→ **AVAILABLE RECORDS**:
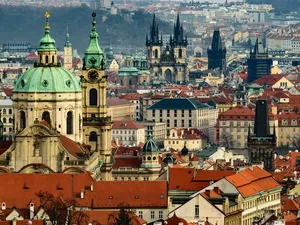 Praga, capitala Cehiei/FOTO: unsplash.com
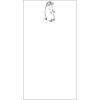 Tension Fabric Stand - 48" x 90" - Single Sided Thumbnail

==

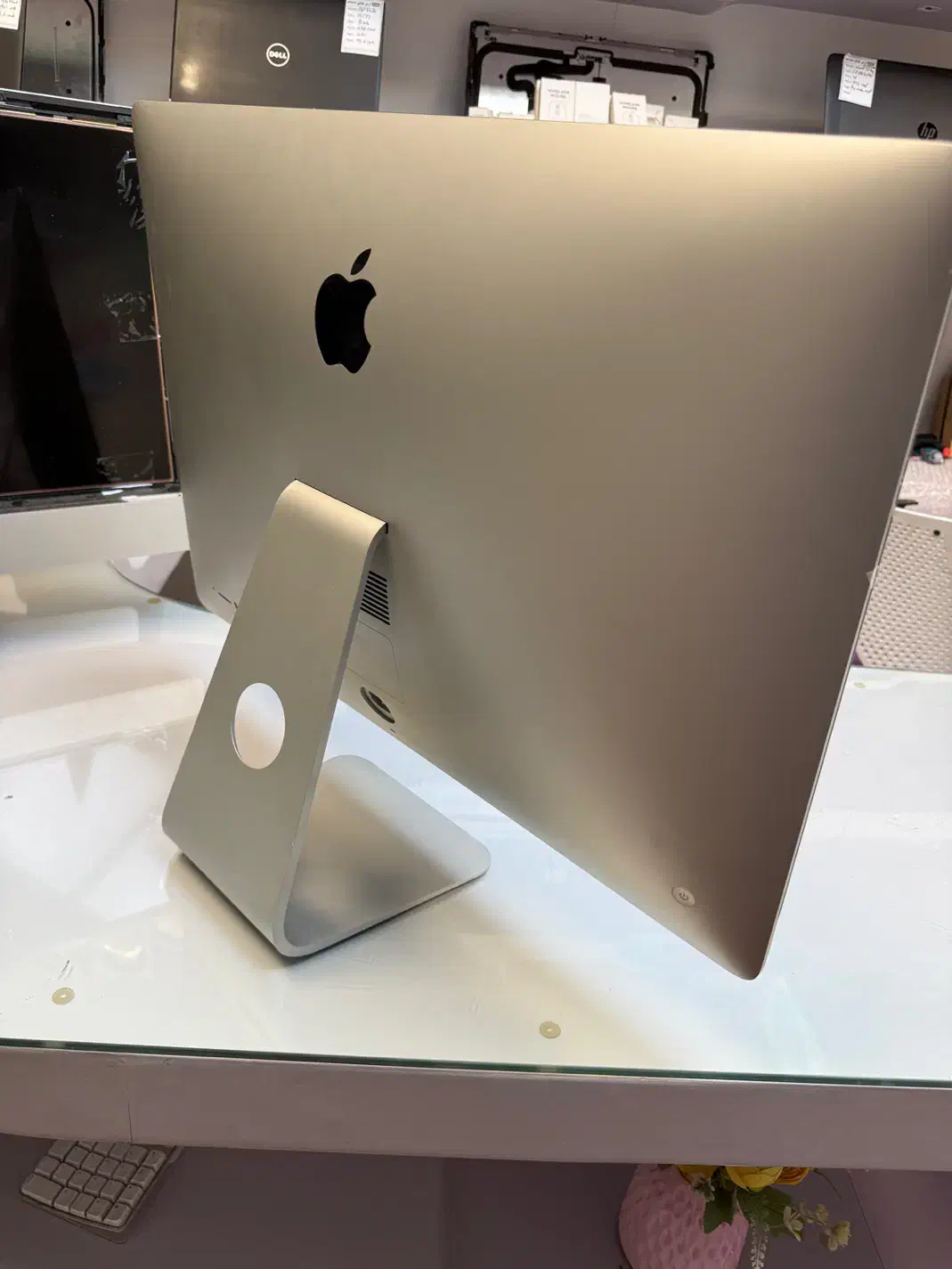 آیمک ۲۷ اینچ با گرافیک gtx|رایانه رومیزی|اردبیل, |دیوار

...

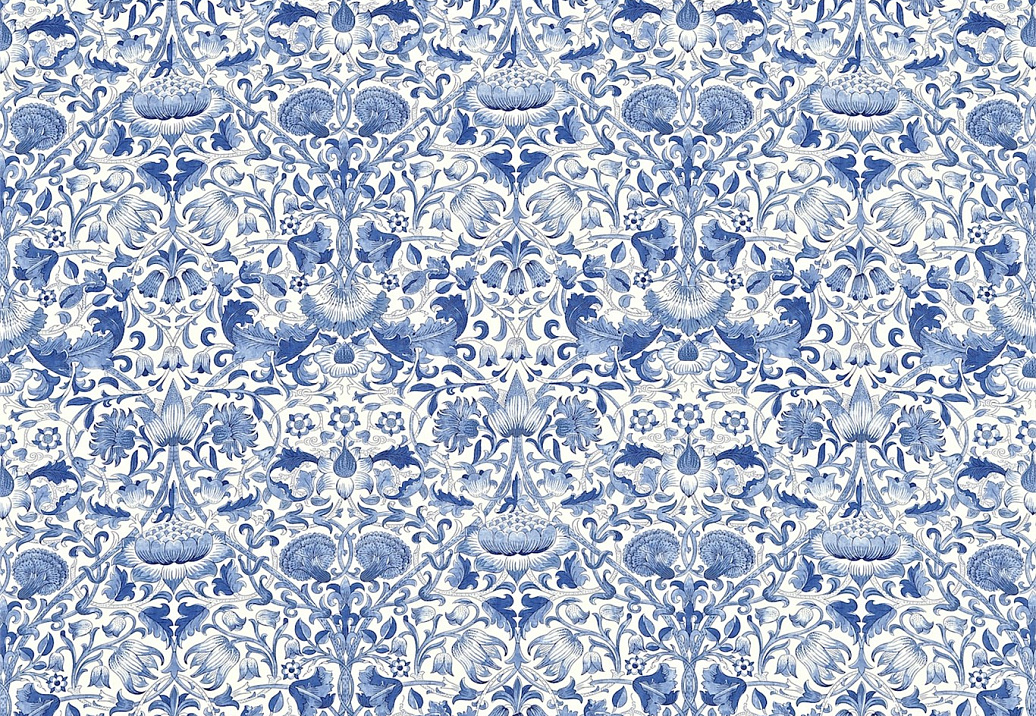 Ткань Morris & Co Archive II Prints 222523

→ **EXERCISE OBJECTIVE**: Would you copy the lines above exactly, starting with the one that has "Praga, capitala Cehiei/FOTO: unsplash.com" and ending with the one that has "Tension Fabric Stand", both included, without the pictures?

→ **YOUR SOLUTION**:
 Praga, capitala Cehiei/FOTO: unsplash.com
 Tension Fabric Stand - 48" x 90" - Single Sided Thumbnail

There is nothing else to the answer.